Each spatial data has a defined location in space which is most often input through coordinates. Coordinates in some spatial reference system (SRS) or coordinate reference system (CRS) are on a sphere or ellipsoid, or in a projection.

4.1 Geographic coordinate reference system

The geographic coordinate reference system is a geometric model which defines:

• The model of Earth’s shape (e.g., ellipsoid with parameters a and e, large axis and first numerical eccentricity);

• The prime meridian (usually the Greenwich meridian by default);

• Geodetic datum.

Coordinates on the geographic coordinate reference system are usually curvilinear (or ellipsoidal rectangular), geodetic length (\((\lambda)\) longitude) and geodetic width ((\(\mathrm{\phi}\)) latitude); additionally height h can also be given, Figure 4.1.

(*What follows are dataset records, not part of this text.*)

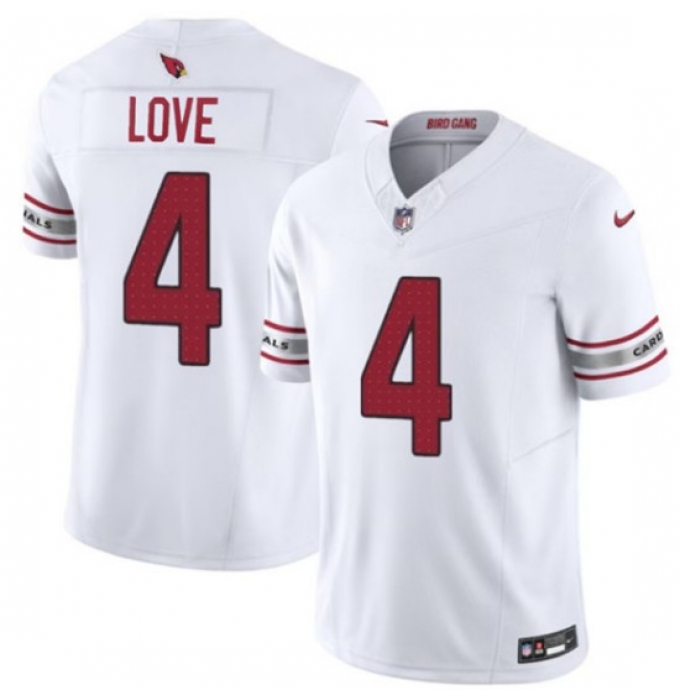 Men's Arizona Cardinals #4 Jeremiyah Love White 2026 Draft F.U.S.E. Vapor Untouchable Limited Football Stitched Jersey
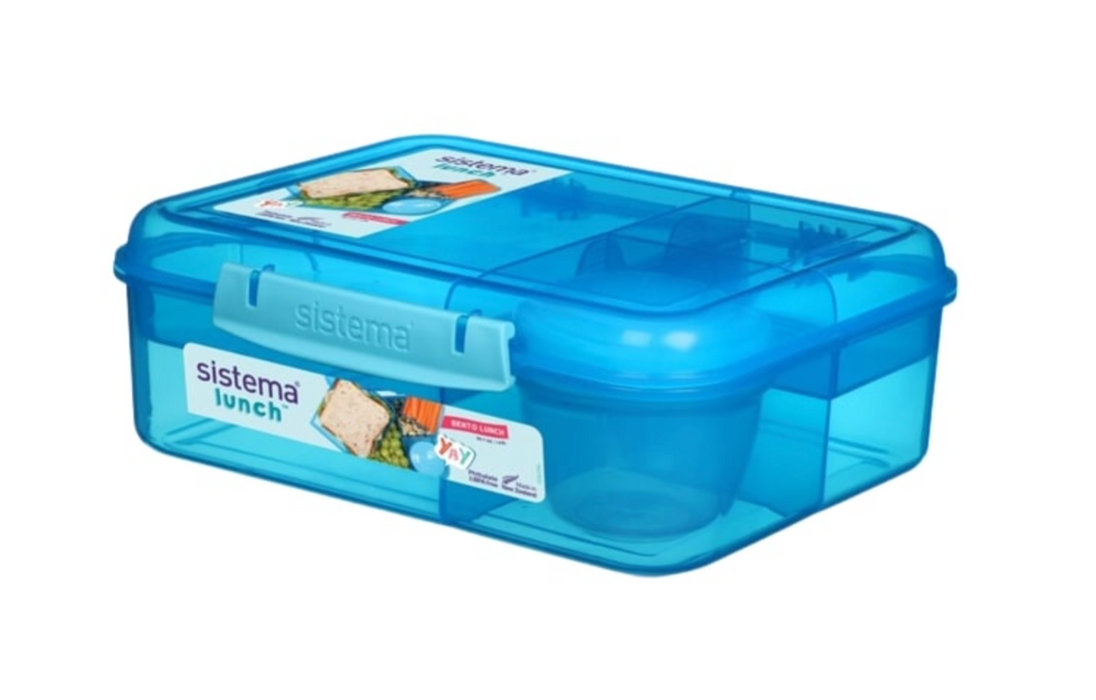 Lunchbox diviso incl. Coppa - blu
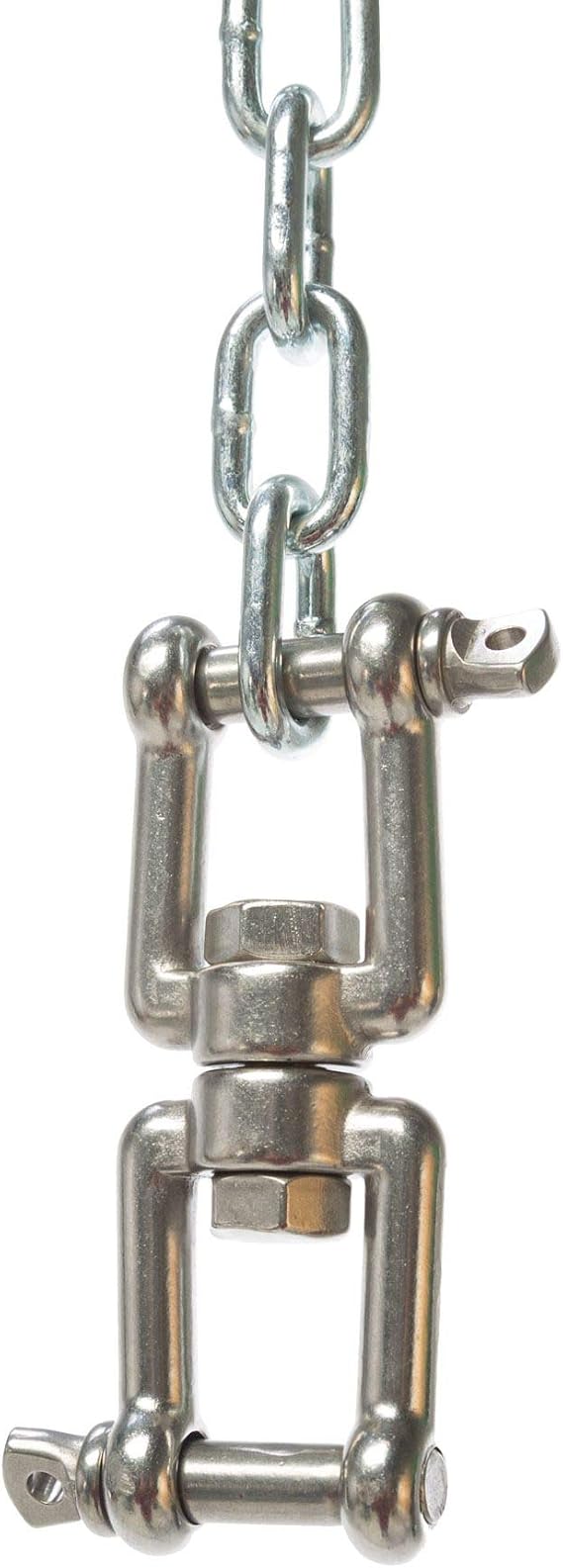Original Pawleys Island 2 in. x 4.5 in. Single Swing Swivel, Zinc-Plated Steel, 600 lb Weight Capacity, Accomodates All Swings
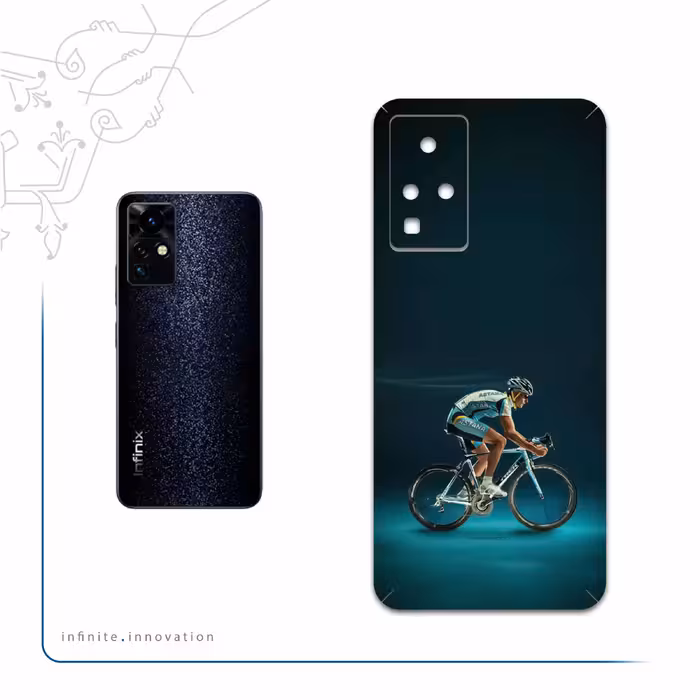 برچسب پوششی ماهوت مدل Road-cycling مناسب برای گوشی موبایل اینفینیکس Zero X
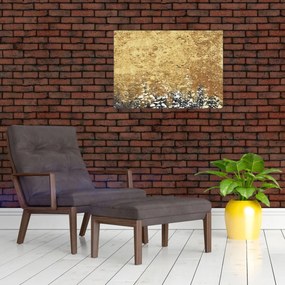 Üveg kép - Arany szerkezet N⁰3 (70x50 cm)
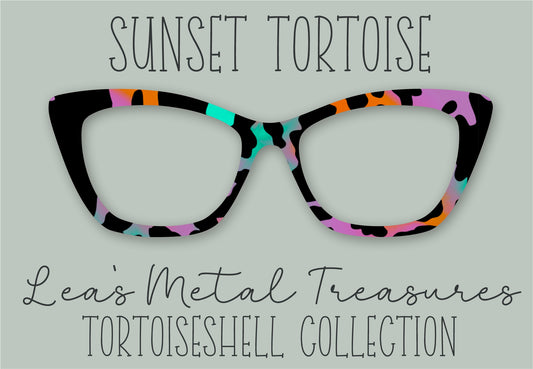 SUNSET TORTOISE Eyewear Frame Toppers COMES WITH MAGNETS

Figure 4.1: Curvilinear coordinates for a point: geodetic length (\(*λ*\)) and geodetic width (\(*φ*\)). Coordinates are given on an ellipsoid with parameters a for the large semiaxis and b for the small semiaxis. Rectangular ellipsoid coordinates are marked in green. (Adapted from Krishnavedal (Own work) CC BY-SA 3.0)

Geodetic width (latitude) is the angle between the normal on the ellipsoid in the observed point and the equatorial plane. The geodetic length (longitude) is the angle between the meridian of the observed point and the prime meridian, usually taken to be the Greenwich meridian.

The ellipsoid used to approximate Earth’s shape is a bi-axial ellipsoid, defined by two linearly independent parameters, e.g., by the large and small semiaxis (a, b), by the large axis and flattening (a, f), or by the large axis and first numerical eccentricity (a, e). Some parameters are given in Table 4.1.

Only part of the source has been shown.